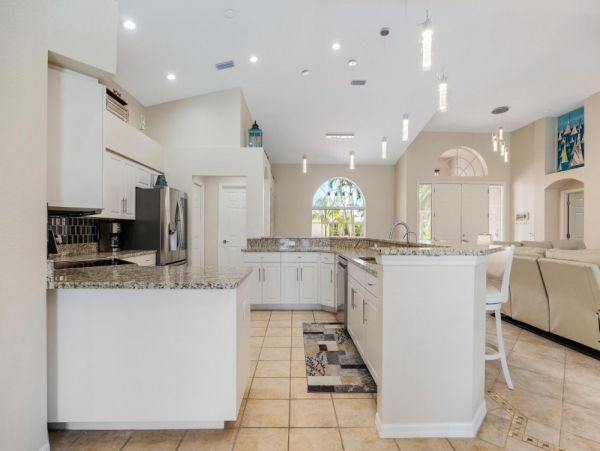 Cape Coral Home 1024105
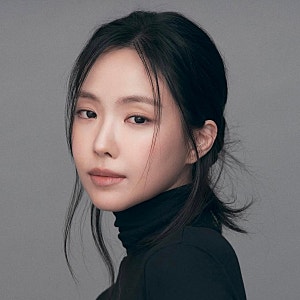 “손나은, 17일 모친상 비보”…프로골퍼 동생 손새은과 슬픔 속 빈소 지켜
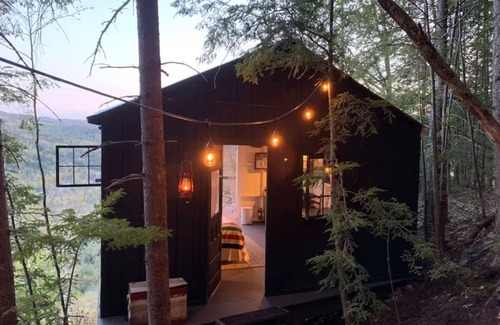 Stockbridge Cabina | 1920s "Golden Age" Cabin w/ Breathtaking Views!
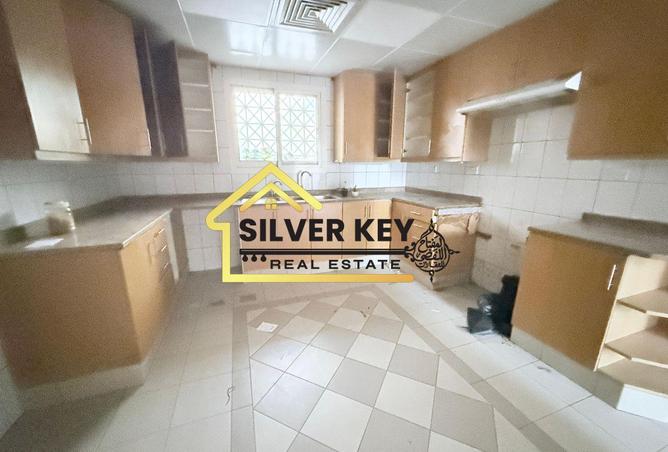 93570282 - Property Main Image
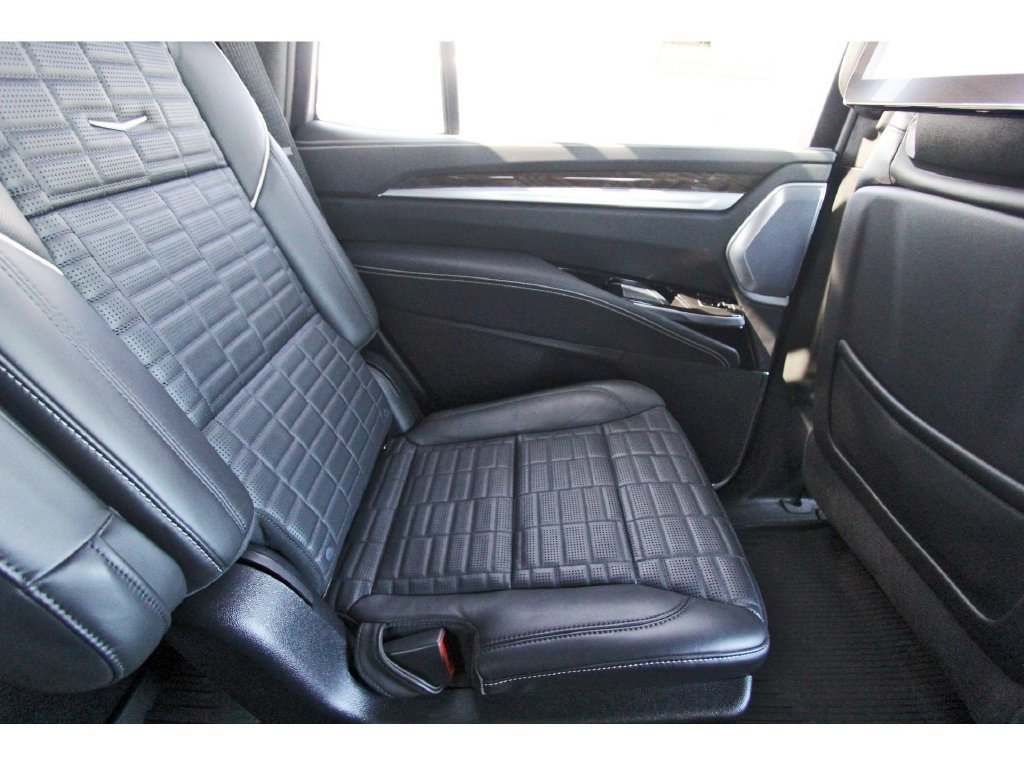 Certified 2026 Cadillac Escalade Platinum Sport w/ LPO, ONYX Package AWD/4WD image 11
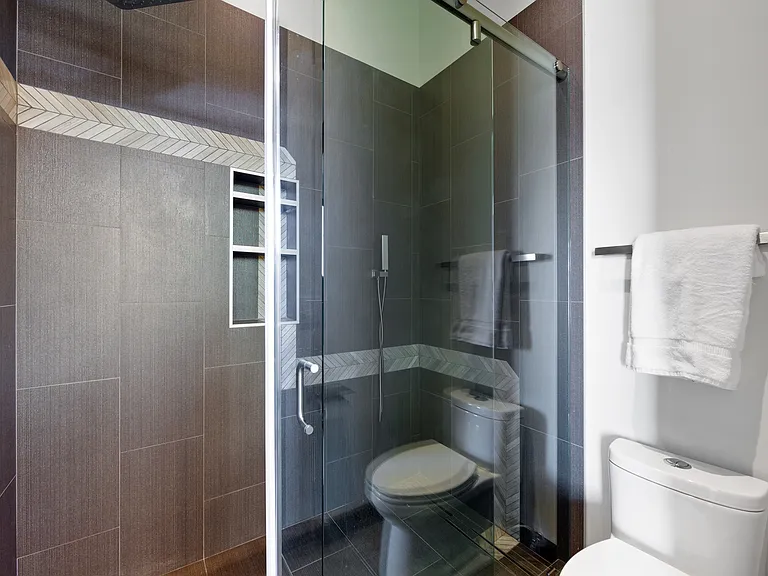 Bed 7: Mother in law apartment, full bath with shower, and 2 sinks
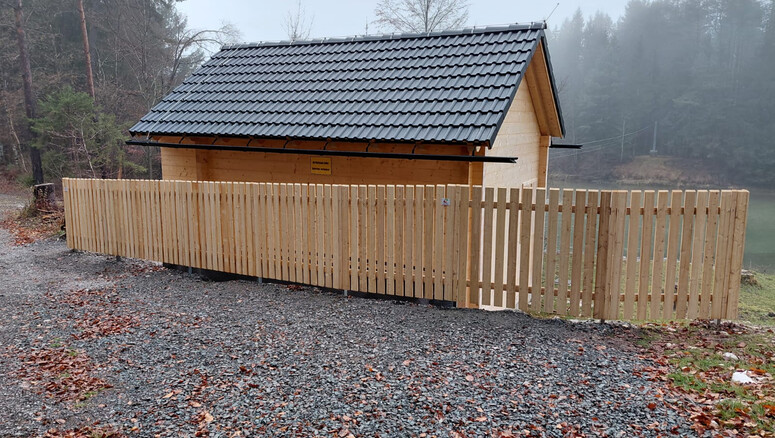 Lärchenzaun aus dem 2025 in 9611 Nötsch Österreich von Zaunteam Kärnten-Mitte.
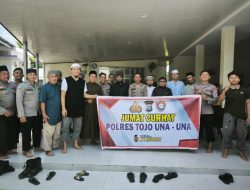 Sat Binmas Polres Touna Jumat Curhat di Masjid Assunah Tojo Una Una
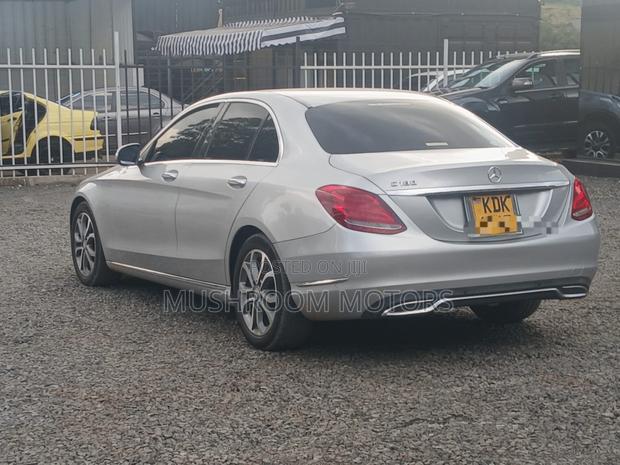 Mercedes-Benz C180 2016 Silver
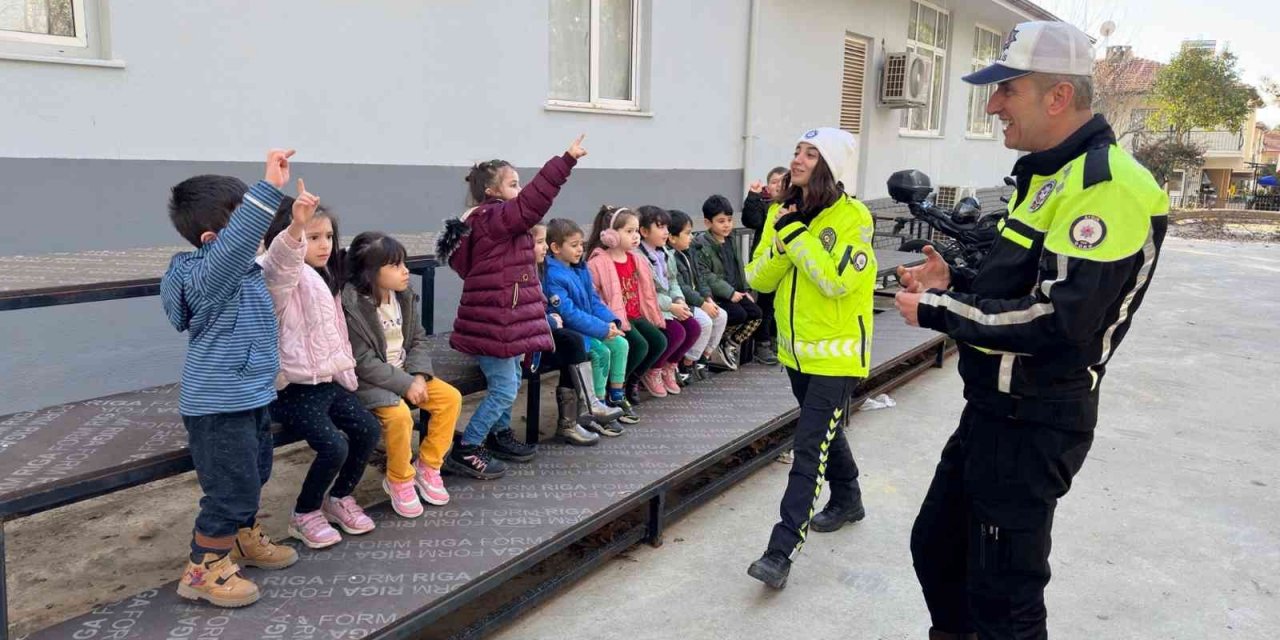 Aydın’da 17 anasınıfı öğrencisi “trafik dedektifi” oldu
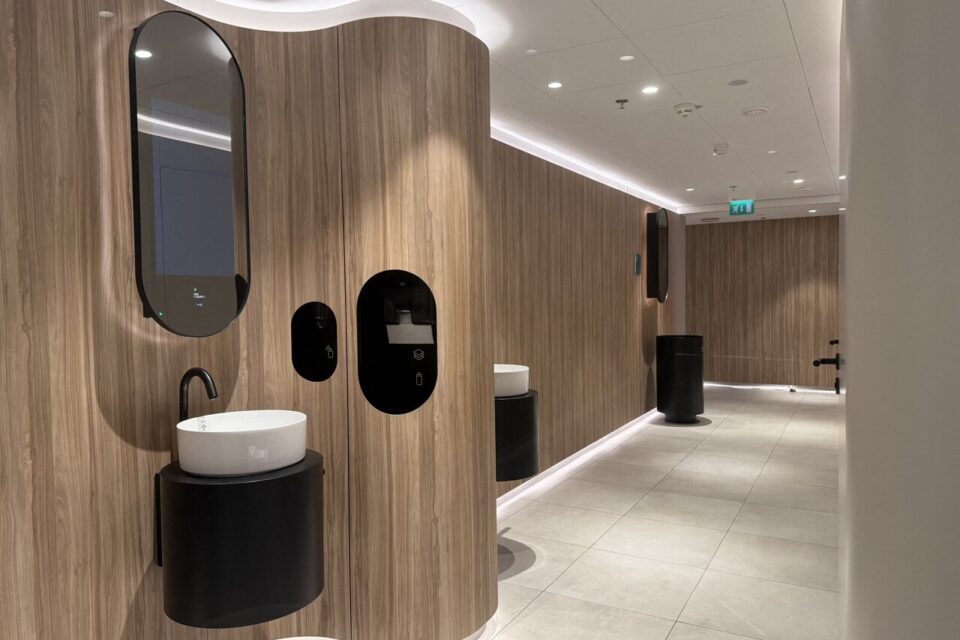 Modernes, spacieuses, diffusant une bonne odeur ainsi qu'une musique apaisante, les toilettes sont passées au peigne feigne par des employés de la société Derichebourg toute la journée. 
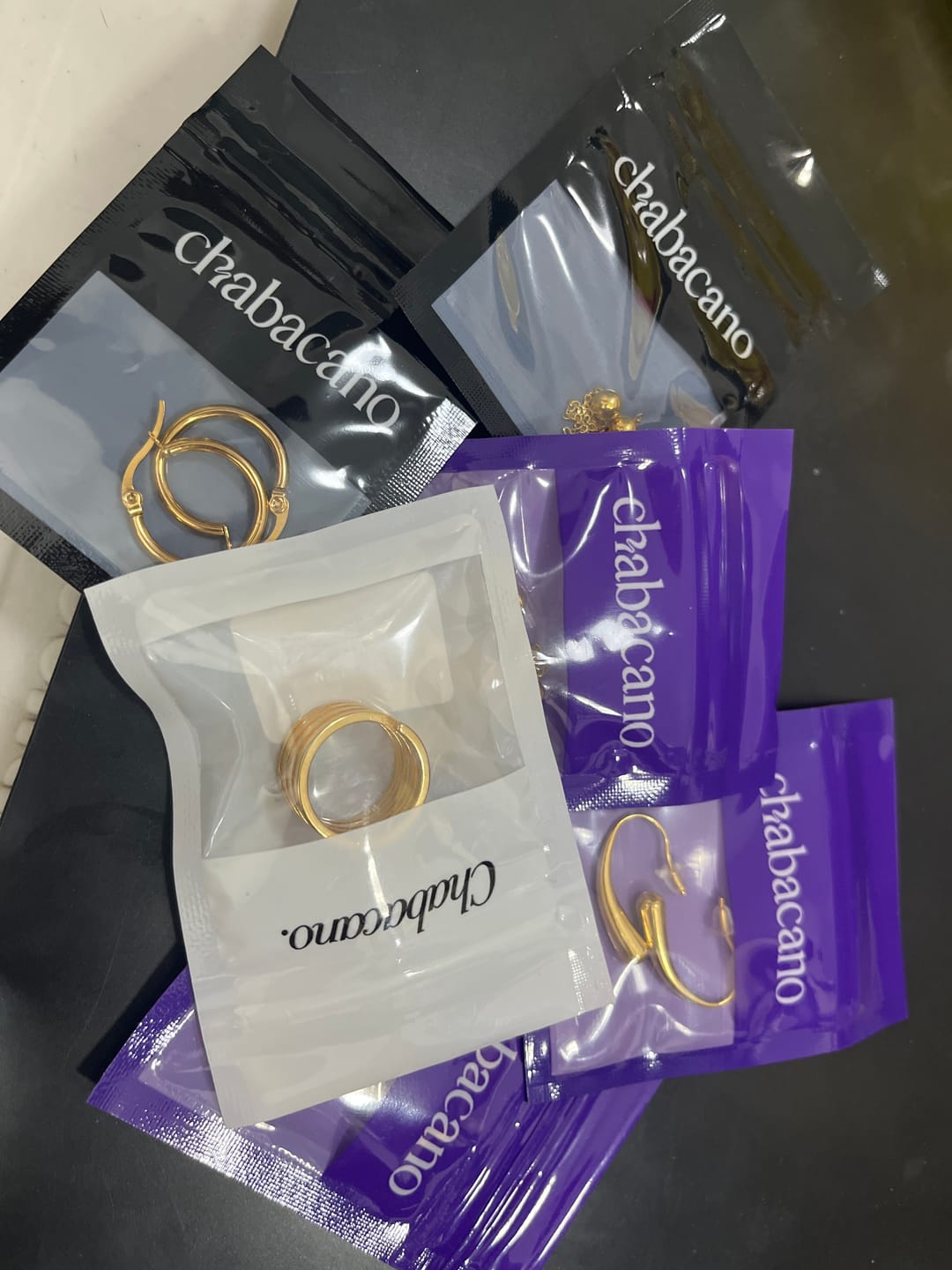 Customer photo review of Aretes Olivia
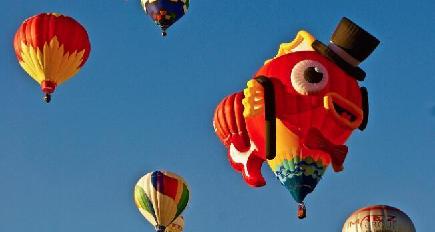 世界的な気球の祭典が開幕　米アルバカーキ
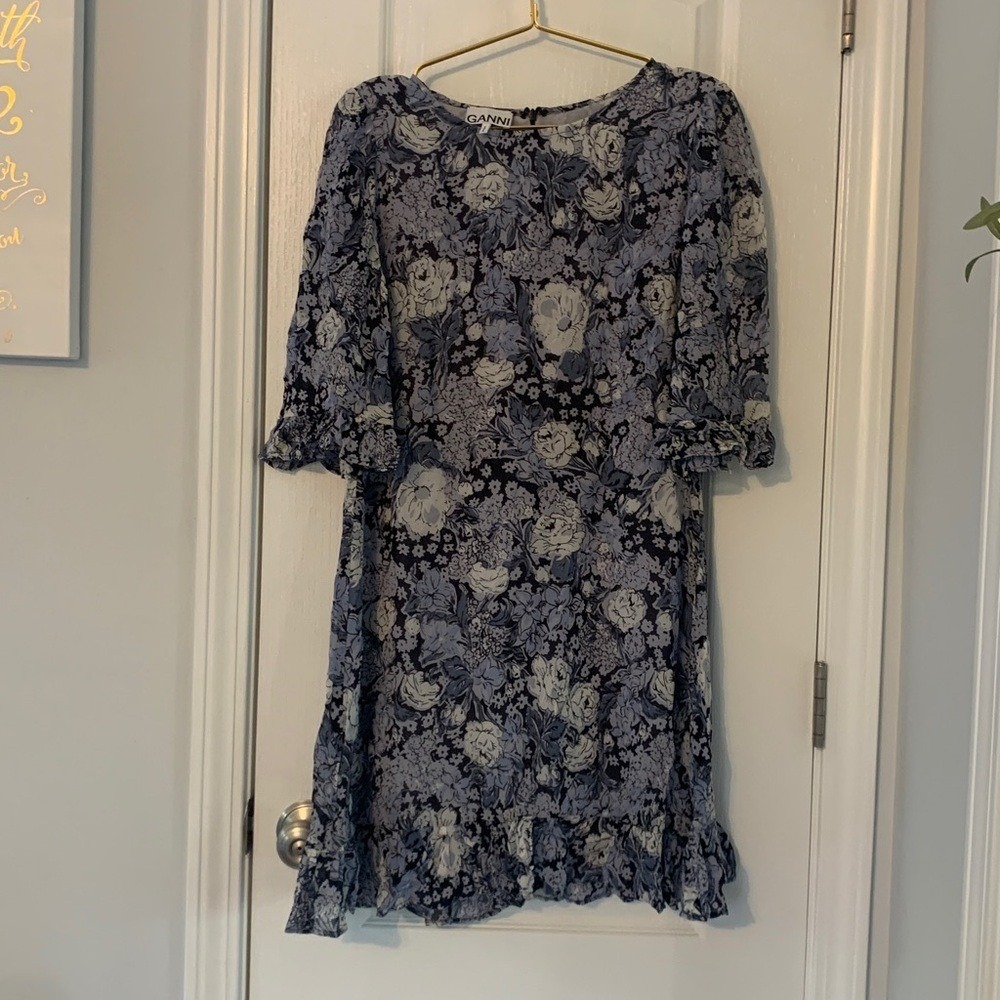 Ganni Blue Floral Ruffle Mini Dress Women Short Sleeve Round Neck Grey Blue‎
------------------------
ASSIGNMENT: Every entry, word for word: repeat it, but skip the images.

PROBLEM SOLUTION:
 Cape Coral Home 1024105
 “손나은, 17일 모친상 비보”…프로골퍼 동생 손새은과 슬픔 속 빈소 지켜
 Stockbridge Cabina | 1920s "Golden Age" Cabin w/ Breathtaking Views!
 93570282 - Property Main Image
 Certified 2026 Cadillac Escalade Platinum Sport w/ LPO, ONYX Package AWD/4WD image 11
 Bed 7: Mother in law apartment, full bath with shower, and 2 sinks
 Lärchenzaun aus dem 2025 in 9611 Nötsch Österreich von Zaunteam Kärnten-Mitte.
 Sat Binmas Polres Touna Jumat Curhat di Masjid Assunah Tojo Una Una
 Mercedes-Benz C180 2016 Silver
 Aydın’da 17 anasınıfı öğrencisi “trafik dedektifi” oldu
 Modernes, spacieuses, diffusant une bonne odeur ainsi qu'une musique apaisante, les toilettes sont passées au peigne feigne par des employés de la société Derichebourg toute la journée. 
 Customer photo review of Aretes Olivia
 世界的な気球の祭典が開幕　米アルバカーキ
 Ganni Blue Floral Ruffle Mini Dress Women Short Sleeve Round Neck Grey Blue‎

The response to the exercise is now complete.